Would love to hear your thoughts.
 

Treadwell

Legendary Member
RPF PREMIUM MEMBER
I see no problem with either. Whichever the maker wants! I've tended to do both, but on a part by part basis rather than applying it to an entire model. Whatever I feel like at that moment.
"Accurized" isn't an apt word, IMO. "Finished", maybe? "Perfected"? "Idealized"?
 

Joseph C. Brown

Well-Known Member
I am firmly in the "build it the way you want" camp - unless you are building it for a client, then, YOU are the one who looks at it every day after it is completed. I am in a similar situation, (the planetoid build, Space Academy) and other than screen caps, there is a stunning dearth of useful picture references.

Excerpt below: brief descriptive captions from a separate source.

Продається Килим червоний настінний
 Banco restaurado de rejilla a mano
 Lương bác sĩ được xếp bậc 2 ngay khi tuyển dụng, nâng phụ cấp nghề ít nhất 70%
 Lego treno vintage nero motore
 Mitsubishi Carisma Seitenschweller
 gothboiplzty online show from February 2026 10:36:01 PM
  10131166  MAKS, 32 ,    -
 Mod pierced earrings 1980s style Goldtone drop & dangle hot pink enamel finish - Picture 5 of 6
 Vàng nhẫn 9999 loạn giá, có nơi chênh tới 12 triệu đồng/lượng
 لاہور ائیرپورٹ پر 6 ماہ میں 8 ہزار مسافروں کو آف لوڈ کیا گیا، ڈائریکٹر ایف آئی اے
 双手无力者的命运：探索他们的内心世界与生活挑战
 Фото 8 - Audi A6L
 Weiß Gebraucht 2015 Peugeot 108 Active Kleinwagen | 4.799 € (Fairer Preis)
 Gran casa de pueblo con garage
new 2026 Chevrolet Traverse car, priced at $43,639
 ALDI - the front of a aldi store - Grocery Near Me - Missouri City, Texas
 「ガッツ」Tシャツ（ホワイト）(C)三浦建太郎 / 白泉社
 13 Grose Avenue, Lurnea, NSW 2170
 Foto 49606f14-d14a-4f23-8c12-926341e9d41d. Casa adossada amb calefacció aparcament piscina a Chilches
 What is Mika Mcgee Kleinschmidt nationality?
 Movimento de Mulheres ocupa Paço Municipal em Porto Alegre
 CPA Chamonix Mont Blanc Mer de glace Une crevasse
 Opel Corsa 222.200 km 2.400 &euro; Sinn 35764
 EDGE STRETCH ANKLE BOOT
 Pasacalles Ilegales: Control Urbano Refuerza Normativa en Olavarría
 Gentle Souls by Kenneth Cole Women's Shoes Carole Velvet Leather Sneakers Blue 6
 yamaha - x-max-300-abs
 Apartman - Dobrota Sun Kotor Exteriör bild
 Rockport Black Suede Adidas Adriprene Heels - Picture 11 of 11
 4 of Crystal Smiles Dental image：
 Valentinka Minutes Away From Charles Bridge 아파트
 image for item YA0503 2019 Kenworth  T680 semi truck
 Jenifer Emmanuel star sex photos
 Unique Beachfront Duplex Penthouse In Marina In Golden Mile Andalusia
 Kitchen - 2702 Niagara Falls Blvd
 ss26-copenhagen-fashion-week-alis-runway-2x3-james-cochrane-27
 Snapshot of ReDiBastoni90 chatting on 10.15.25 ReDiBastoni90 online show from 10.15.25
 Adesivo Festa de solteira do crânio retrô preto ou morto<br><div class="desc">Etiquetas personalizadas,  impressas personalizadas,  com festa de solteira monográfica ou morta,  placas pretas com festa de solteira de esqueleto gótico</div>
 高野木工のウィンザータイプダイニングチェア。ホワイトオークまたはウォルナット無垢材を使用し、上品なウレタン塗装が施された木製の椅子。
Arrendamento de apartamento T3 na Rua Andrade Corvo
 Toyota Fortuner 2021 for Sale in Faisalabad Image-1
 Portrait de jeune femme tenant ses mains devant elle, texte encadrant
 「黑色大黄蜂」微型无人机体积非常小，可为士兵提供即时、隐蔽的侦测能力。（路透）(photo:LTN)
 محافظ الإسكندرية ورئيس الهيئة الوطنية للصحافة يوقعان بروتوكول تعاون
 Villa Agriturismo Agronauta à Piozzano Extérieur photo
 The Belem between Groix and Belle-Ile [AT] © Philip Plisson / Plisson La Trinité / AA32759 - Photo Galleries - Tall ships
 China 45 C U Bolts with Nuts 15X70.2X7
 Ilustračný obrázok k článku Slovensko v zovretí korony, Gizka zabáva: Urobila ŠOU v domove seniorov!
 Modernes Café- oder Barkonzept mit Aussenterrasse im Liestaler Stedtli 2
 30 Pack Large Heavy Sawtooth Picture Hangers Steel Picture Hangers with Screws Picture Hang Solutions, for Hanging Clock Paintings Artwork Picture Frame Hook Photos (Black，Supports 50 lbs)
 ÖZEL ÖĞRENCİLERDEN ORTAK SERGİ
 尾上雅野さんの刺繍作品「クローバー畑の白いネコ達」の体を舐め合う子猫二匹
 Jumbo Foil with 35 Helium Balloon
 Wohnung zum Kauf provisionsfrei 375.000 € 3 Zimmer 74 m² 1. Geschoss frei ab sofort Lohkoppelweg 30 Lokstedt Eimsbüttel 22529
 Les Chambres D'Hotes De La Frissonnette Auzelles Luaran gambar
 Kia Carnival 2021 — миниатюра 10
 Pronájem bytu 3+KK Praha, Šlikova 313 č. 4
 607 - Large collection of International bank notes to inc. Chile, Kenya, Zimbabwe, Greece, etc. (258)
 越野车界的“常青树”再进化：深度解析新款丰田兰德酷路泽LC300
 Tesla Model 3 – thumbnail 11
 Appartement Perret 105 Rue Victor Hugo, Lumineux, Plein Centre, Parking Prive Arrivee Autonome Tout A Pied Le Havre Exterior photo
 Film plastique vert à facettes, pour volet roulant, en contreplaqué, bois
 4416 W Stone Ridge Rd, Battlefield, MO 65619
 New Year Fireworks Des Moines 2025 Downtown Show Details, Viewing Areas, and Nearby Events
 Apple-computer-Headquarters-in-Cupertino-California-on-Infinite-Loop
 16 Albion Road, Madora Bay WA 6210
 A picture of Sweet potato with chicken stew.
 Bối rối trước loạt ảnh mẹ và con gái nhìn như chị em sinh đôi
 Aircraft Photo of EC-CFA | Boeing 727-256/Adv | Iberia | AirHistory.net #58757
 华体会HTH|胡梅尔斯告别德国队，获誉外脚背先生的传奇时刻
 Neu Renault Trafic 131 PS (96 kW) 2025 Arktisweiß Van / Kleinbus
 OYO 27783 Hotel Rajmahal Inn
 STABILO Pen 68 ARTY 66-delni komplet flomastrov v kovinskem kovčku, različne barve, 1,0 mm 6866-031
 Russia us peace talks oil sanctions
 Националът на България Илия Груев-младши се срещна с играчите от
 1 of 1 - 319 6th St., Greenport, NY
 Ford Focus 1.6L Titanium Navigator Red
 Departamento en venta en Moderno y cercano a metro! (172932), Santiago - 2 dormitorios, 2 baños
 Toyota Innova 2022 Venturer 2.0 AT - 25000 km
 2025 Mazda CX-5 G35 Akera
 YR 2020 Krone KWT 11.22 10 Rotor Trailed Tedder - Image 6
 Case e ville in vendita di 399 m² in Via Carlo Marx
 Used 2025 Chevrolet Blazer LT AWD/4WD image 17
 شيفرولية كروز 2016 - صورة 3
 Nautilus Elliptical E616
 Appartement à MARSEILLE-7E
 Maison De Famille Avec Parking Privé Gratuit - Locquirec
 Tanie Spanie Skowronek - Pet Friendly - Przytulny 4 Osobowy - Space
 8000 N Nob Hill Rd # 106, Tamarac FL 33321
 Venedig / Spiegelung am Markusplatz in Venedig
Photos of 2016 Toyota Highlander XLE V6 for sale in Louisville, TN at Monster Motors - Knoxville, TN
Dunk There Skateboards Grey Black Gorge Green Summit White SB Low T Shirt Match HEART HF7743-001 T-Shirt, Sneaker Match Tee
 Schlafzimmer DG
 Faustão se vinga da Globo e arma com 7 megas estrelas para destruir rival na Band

Freedom, right? Not so much... but that is MY choice to go half studio-scale, and MY choice to have to scratch(or fake) the visible ID-able parts to look as accurate as I can. Why? It makes the model builder in me happy -on some level- to do it that way. (y)
 

Searun

Well-Known Member
Very good of you SK to point out this “cobbling” of kit part fact of life that is not evident to the beginner in this greeblie art form like me. Unless you have kit bashed, it is hard to understand. Therefore, thanks for adding the pictures and coupling them with a lengthy description and side stories.

I must now go over what I have done to date. In the past, I have tried to make sure that equipment that is attached to a base surface stays looking that way after painting, or made to look that way with a wash or dry brushing. At the same time, I will have to watch out for gaps that become too large. Not something I thought about using the kit bash technique. Perhaps this is due to wood & balsa modeling vs. the construction crispness of styrene.